Al-Shabaab said it killed at least 30 soldiers in the June 26 raid on Leego base in southern Somalia. The AU confirmed the assault, without giving a death toll. The violence, which came the same day as attacks by other extremists on a French factory, a Tunisian beach and a mosque in Kuwait, underscores the limited success of Somalia’s army and African troops in checking al-Shabaab’s seven-year-old insurgency.
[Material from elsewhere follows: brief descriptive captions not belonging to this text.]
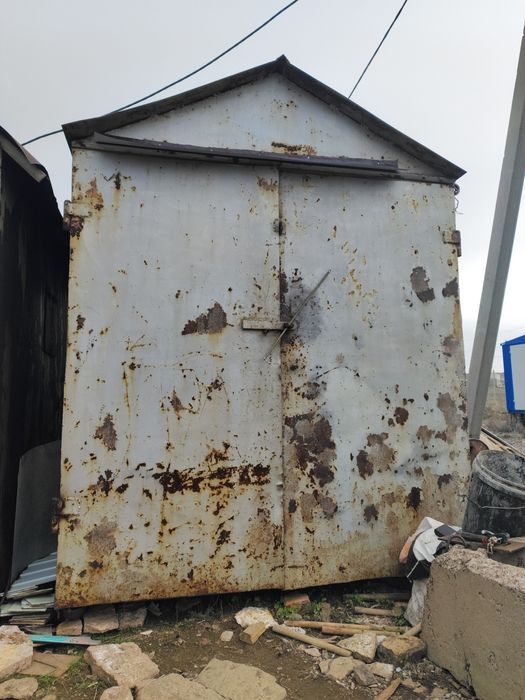 Будка железная продаётся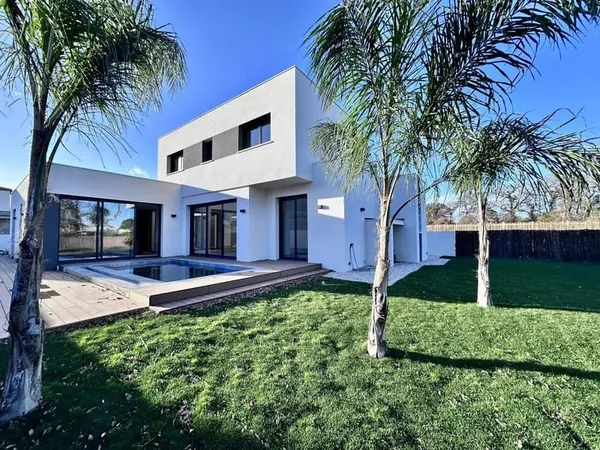 Villa neuve 4 faces avec piscine et jacuzzi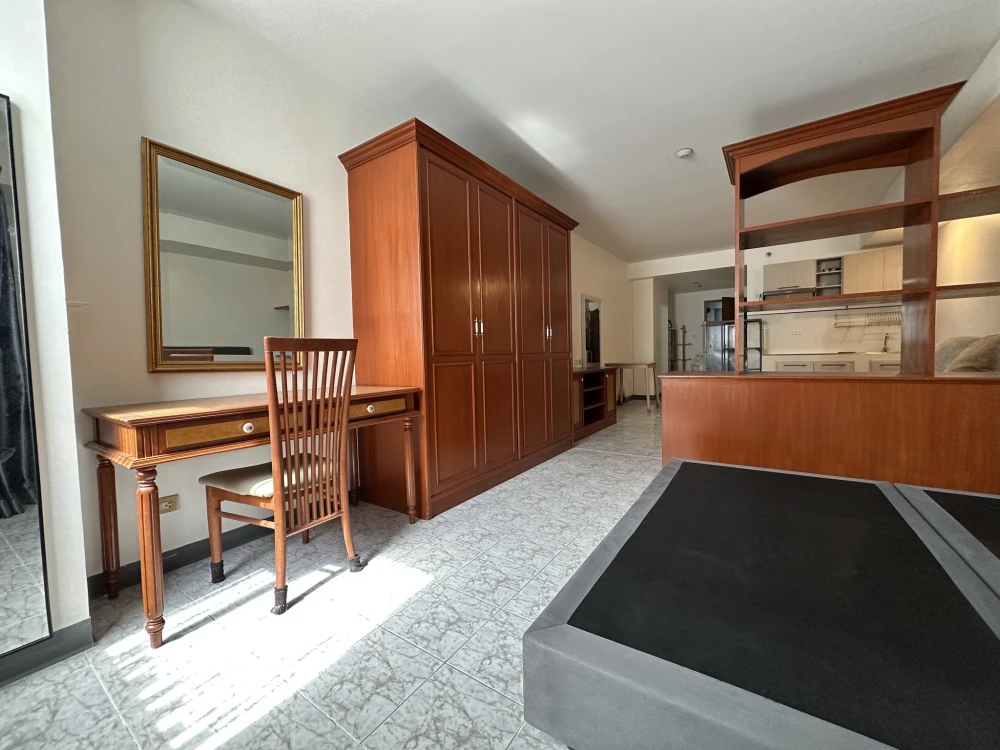 For rent: Supalai Park Phaholyothin 21. Spacious room with ample living space. Fully furnished with appliances. Book now, don't miss out!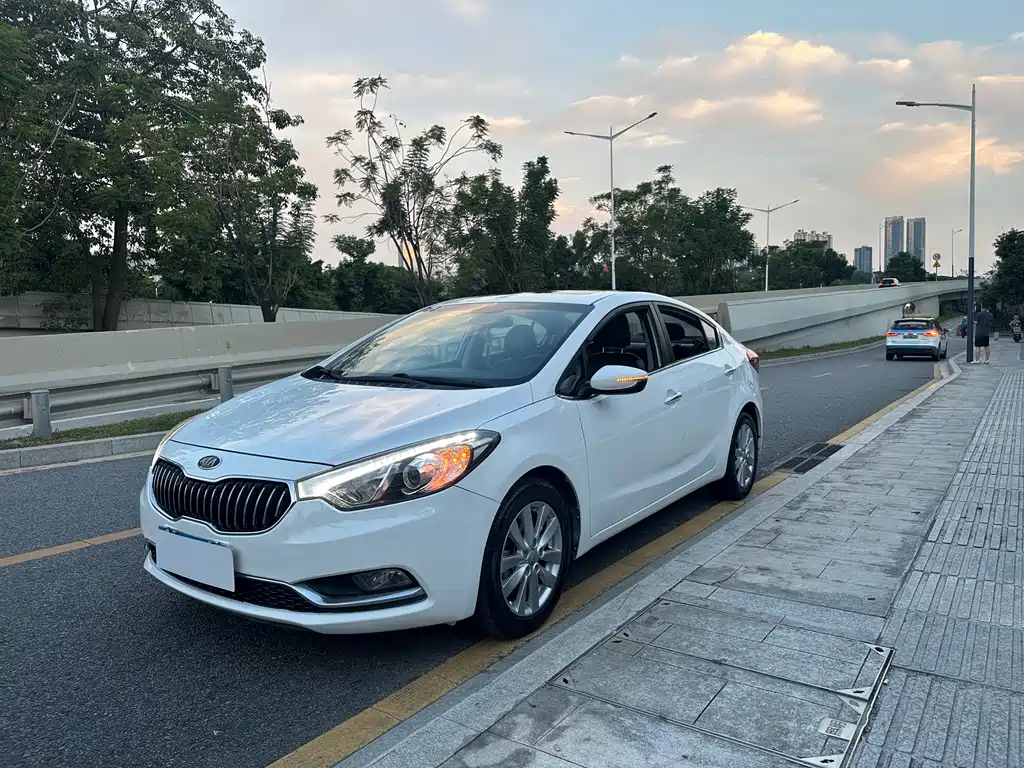 Kia K3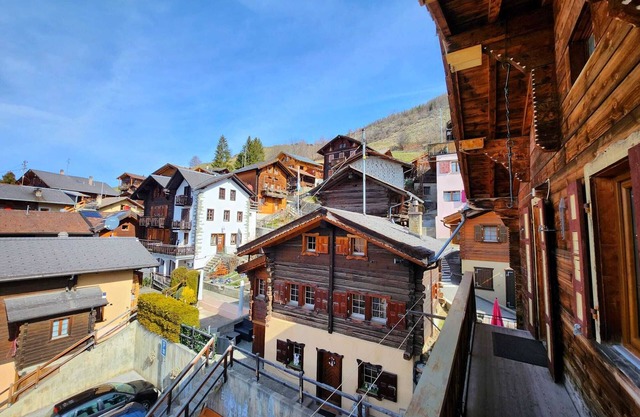 Typical "Le Ver Luisant" apartment. Balcony with magnificent view. Val d'Hérens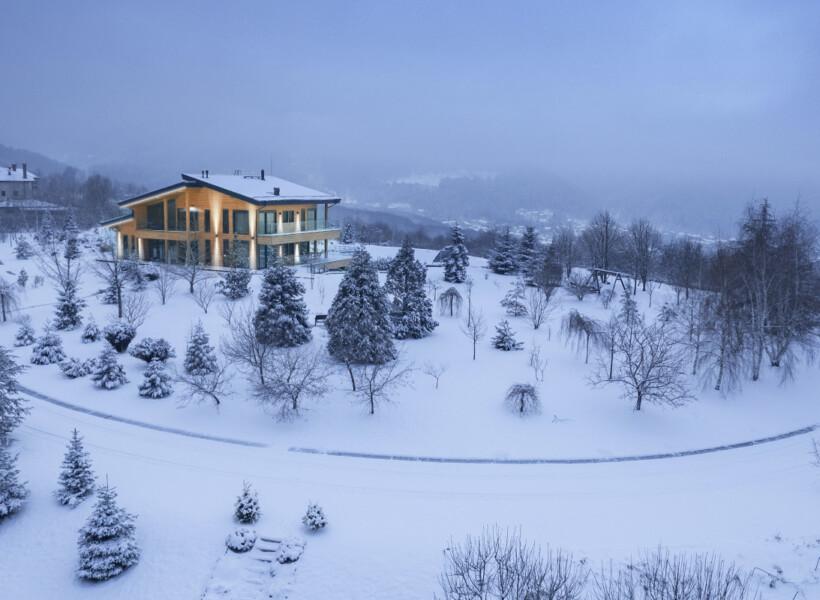 Maison en bois massif dans un paysage enneigé en Bulgarie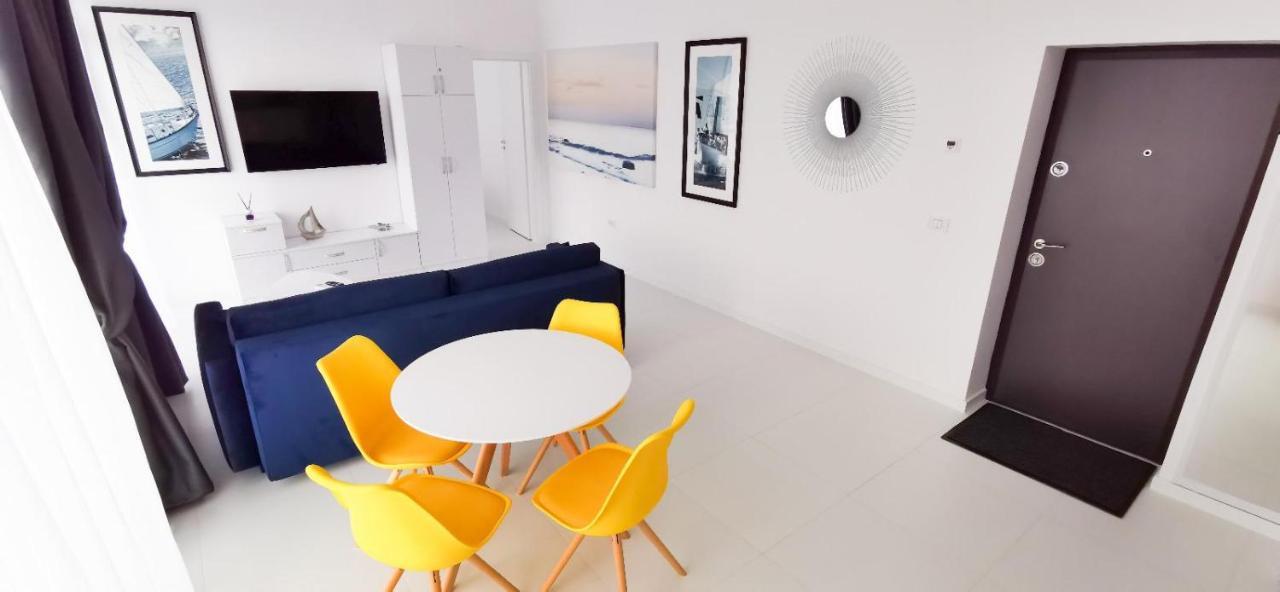 Oxygen Neptun By Boutique C5 Apartment Exterior photo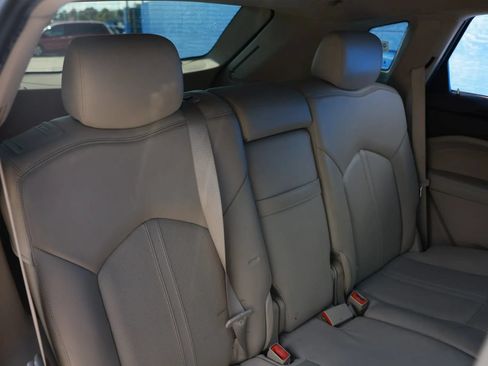 Used 2011 Cadillac SRX Luxury FWD image 25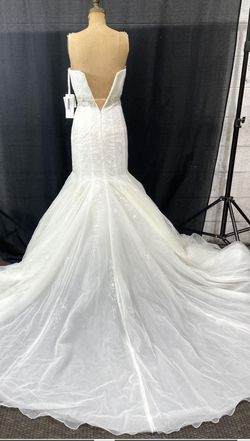 Style Mermaid La sposa White Size 2 Wedding Free Shipping Floor Length Mermaid Dress on Queenly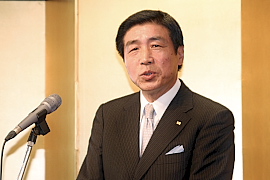 あいさつする石川社長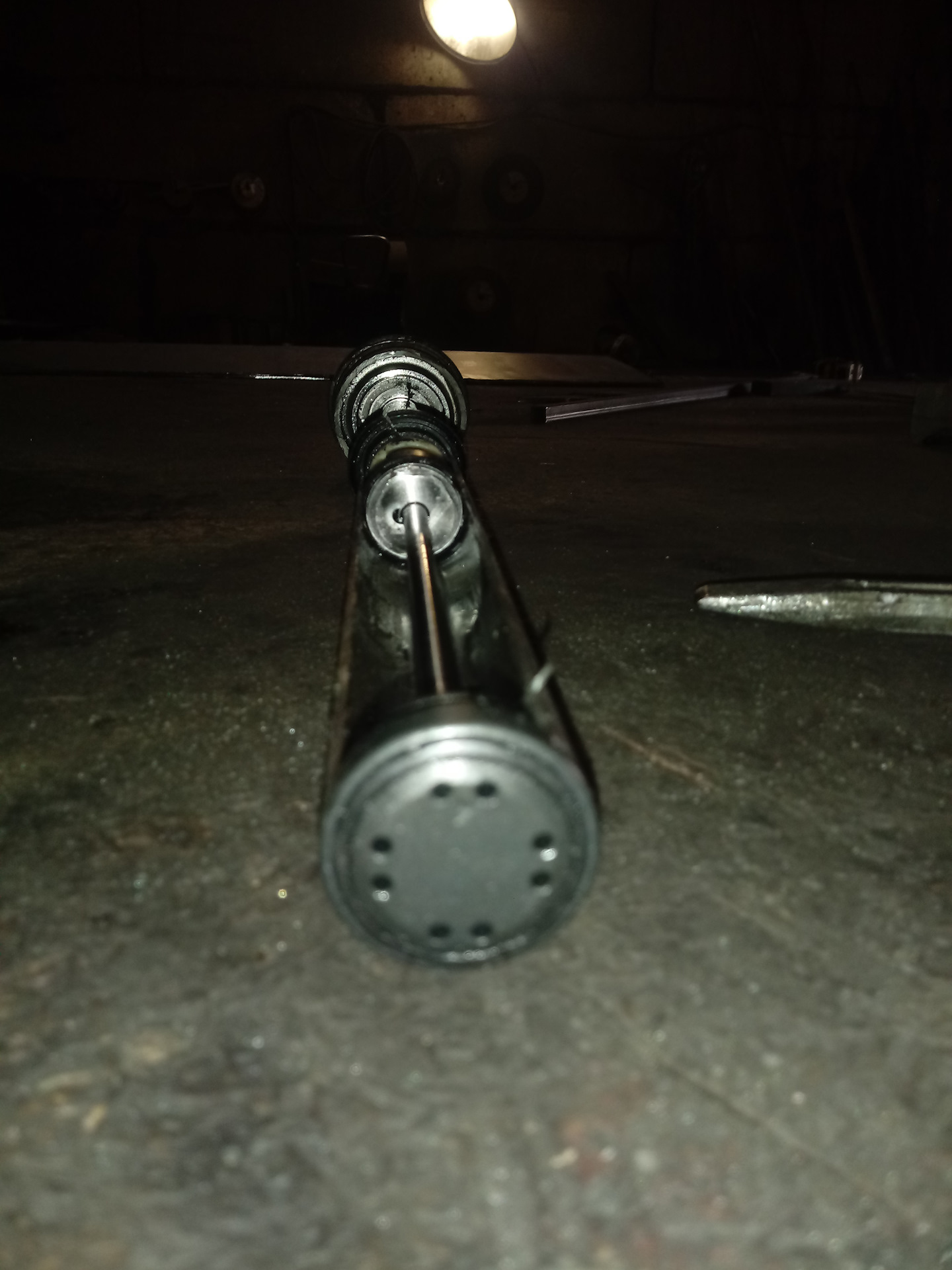 Задний амортизатор в разрезе — Chevrolet Captiva (1G), 2,4 л, 2008 года ...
While they’ve lost control of key towns, “al-Shabaab has consistently shown its ability to strike in urban areas and regroup in rural bases,” Ahmed Soliman, Horn of Africa analyst at Chatham House, the London-based research group, said by e-mail. “It will take much longer to defeat the group and require Somalia’s security services to be significantly improved.”
The conflict has drawn in troops from countries such as Kenya, Uganda, Ethiopia and Burundi as part of the African Union Mission in Somalia, or Amisom.
Attempted Bombing
Also last week, 10 people, including two assailants, were killed in an attempted bombing of vehicles carrying United Arab Emirates diplomats in the capital, Mogadishu. Al-Shabaab claimed responsibility for the June 24 attack — at least the third around the city in about five days — in which the delegation itself escaped unharmed.
Prime Minister Omar Abdirashid Ali Sharmarke said this month that al-Shabaab, which seeks to overthrow the government and establish a strict version of Islamic law, could be militarily defeated by the end of the year. Some of those living south of Mogadishu, home to former militant strongholds, don’t share his optimism.
As the fighters routed Somali troops and stormed the village of Mubarak last month, 67-year-old Fatuma Abukar says she fled to a nearby forest for the fourth time.
Al-Shabaab held the settlement in the Lower Shabelle region for five hours, rounding up people they suspected of government loyalties — the same measures taken during their four-year occupation that ended in late 2012. When army reinforcements massed on Mubarak’s outskirts in late May, the militants fled.
Hide, Seek
“It’s as if they’re playing hide and seek,” the mother of eight said by phone on June 8. “When the government forces are coming al-Shabaab just leave, and vice-versa.”
The militants are given “free reign” outside the larger offensives by African Union forces, according to Stig Jarle Hansen, associate professor at the University of Life Sciences in Oslo and author of ‘Al-Shabaab in Somalia: The History and Ideology of a Militant Islamist Group.’
Al-Shabaab “can bully villages when Amisom is not there, ensuring that villagers have weak incentives to be loyal to Amisom and, or the government,” he said in an e-mailed response to questions.
“They are both a hidden network, but also a guerrilla organization. They keep afloat in government-controlled areas partly because of the irregular payment of government police and forces, which enhances corruption.”